As the reality hits that Dubai's success was after all, built on sand, the ripples are travelling far and wide.

Just as we'd grown weary of the launch of yet another hotel in the Gulf state that was hailed as bigger and more outlandish than the previous hotel that was bigger and more outlandish than the last hotel ... so too had we become used to prized assets here being snapped up by folk from over there.

The list of businesses and properties owned or part-owned by Dubai investors is long, from golf courses (Turnberry) to hotels (Carlton Tower), ships (QE2) to whole ports (Tilbury Containers), entertainment (Cirque du Soleil) to theme parks (Legoland) and actual landmarks (London Eye).

While that gives a flavour, it does not even come close to covering the range and reach of Dubai interests — this would be a car boot sale like no other.

But while Dubai's plight is desperately serious for those who owe their livelihoods to the Arab nation's expansionist ambition and willingness to rack up vast debts, in the order of things it is not immediately cataclysmic.

Compared with the collapse of Lehman and the subsequent banking crisis, the level of borrowing — $80 billion (£48 billion) — is relatively modest (how strange it is to write that).

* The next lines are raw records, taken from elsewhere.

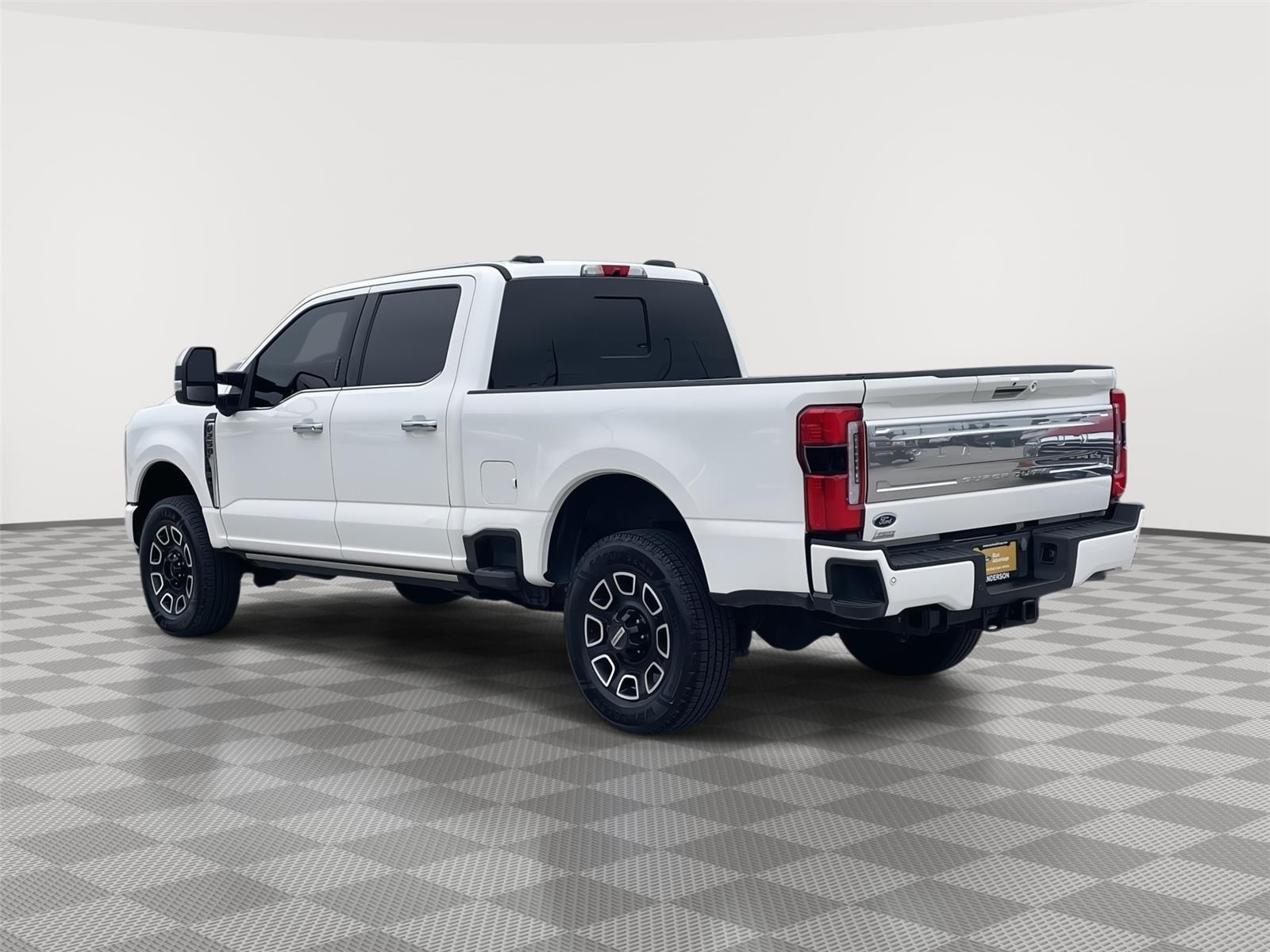 Vehicle photo 9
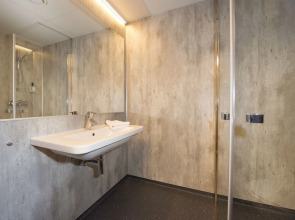 Svalbard Hotell - The Vault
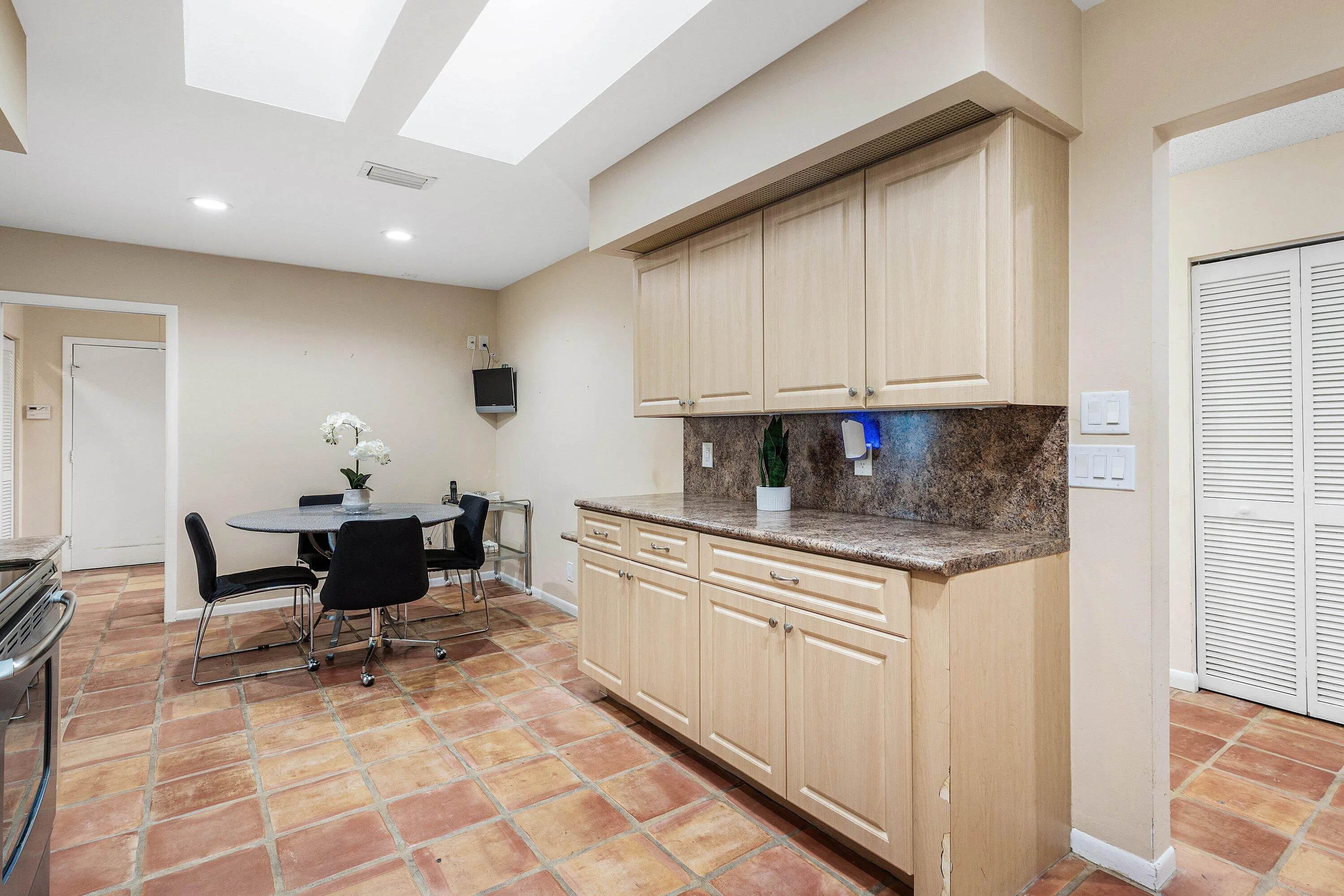 008-61HampshireLane-BoyntonBeach-FL-3343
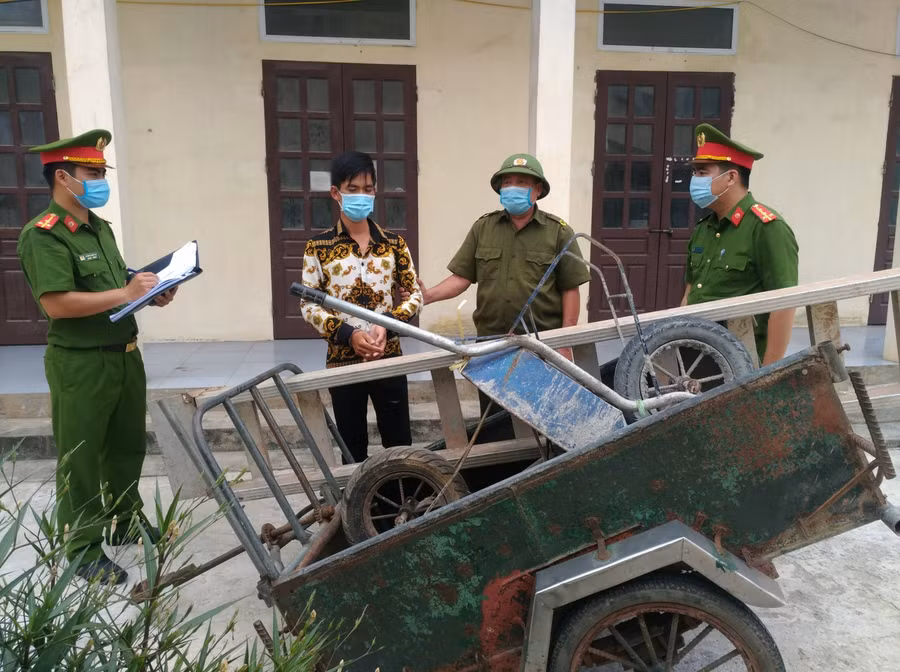 Đối tượng Vũ Gia Lý và 1 số hiện vật vừa trộm cắp.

Indeed, there are those in London who will express a certain schadenfreude that Dubai had it coming, and that, long-term, the City can only benefit from the demise of an upstart rival — “Dubai, Mumbai, Shanghai, goodbye” was the often-used phrase reflecting the exodus of City workers to the more promising East.

Of course, right now, the markets need Dubai's trauma like a collective hole in the head. Just when it appeared that recovery was in sight and some countries were hailing the end of recession, comes this blow to send prices and values tumbling again.

The dread, however, is that it's not just Dubai. The dreaded “c” word has reared its terrifying head again: contagion.

The fear is that after banks and sub-prime, sovereign debt is next — that Dubai's problems will spread and emerging nations which borrowed like mad in the boom years will find themselves in the same position. Greece, Hungary, Latvia, Ireland ... it's a long list.

The hope has to be that Dubai's oil-rich neighbours come to its rescue. But even if they do, alarm bells across the financial world are ringing loudly.